Caption-style text data
____
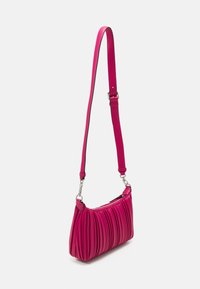 KARL LAGERFELD SMALL KUSHION - Sac à main - persian red
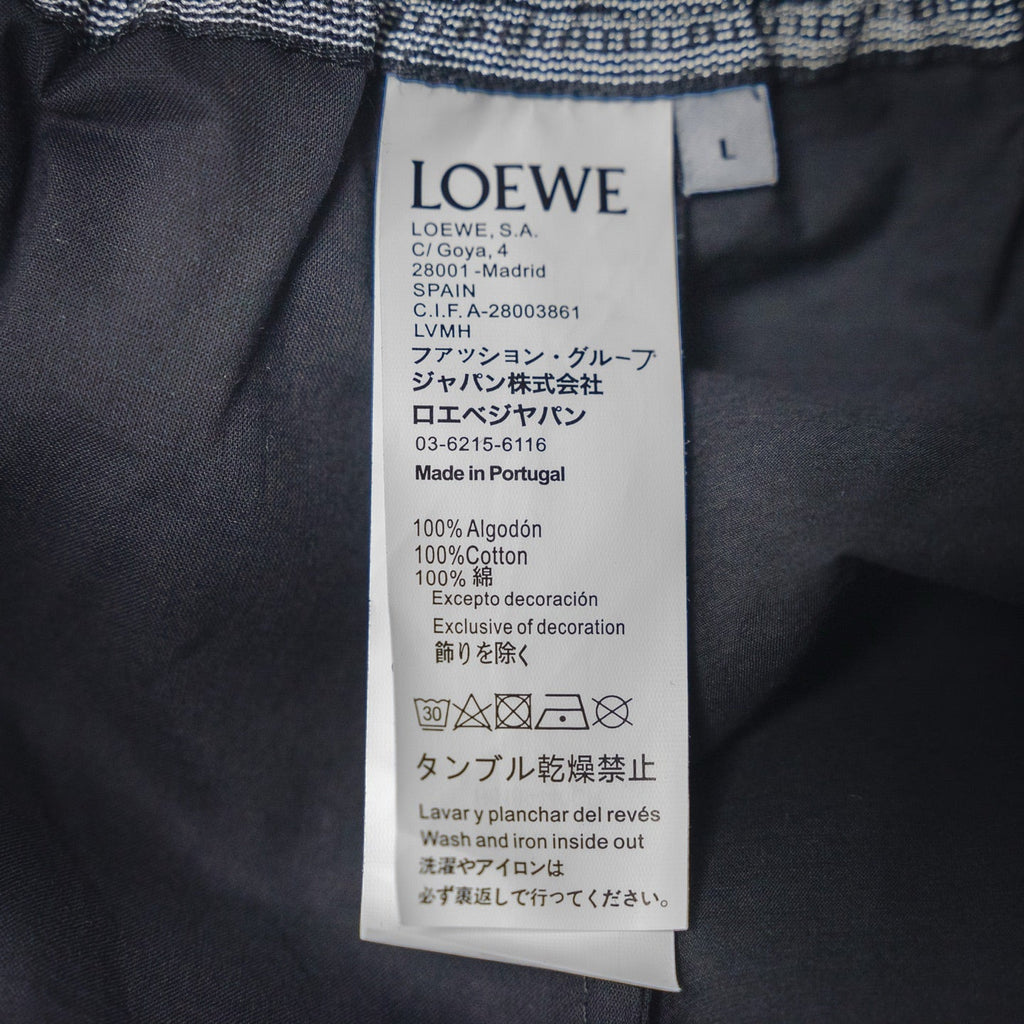 Loe embroidered short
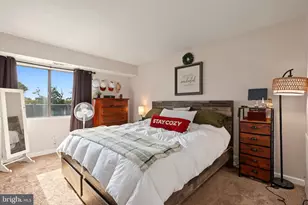 602 Meadowview Ln, Mont Clare, PA 19453 - Photo 8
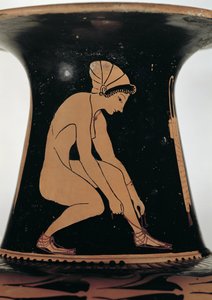 Kauernde Frau, die ihre Sandale bindet (Detail)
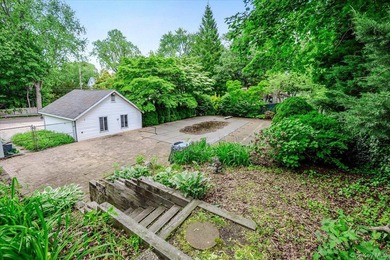 Welcome to 36 Seaview Avenue - a truly magnificent colonial - photo 27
____
**Assignment:** Leave every picture out, and repeat exactly the lines from the one containing "Loe embroidered short" through the last line of the entries, both ends included.

**Output below:**
 Loe embroidered short
 602 Meadowview Ln, Mont Clare, PA 19453 - Photo 8
 Kauernde Frau, die ihre Sandale bindet (Detail)
 Welcome to 36 Seaview Avenue - a truly magnificent colonial - photo 27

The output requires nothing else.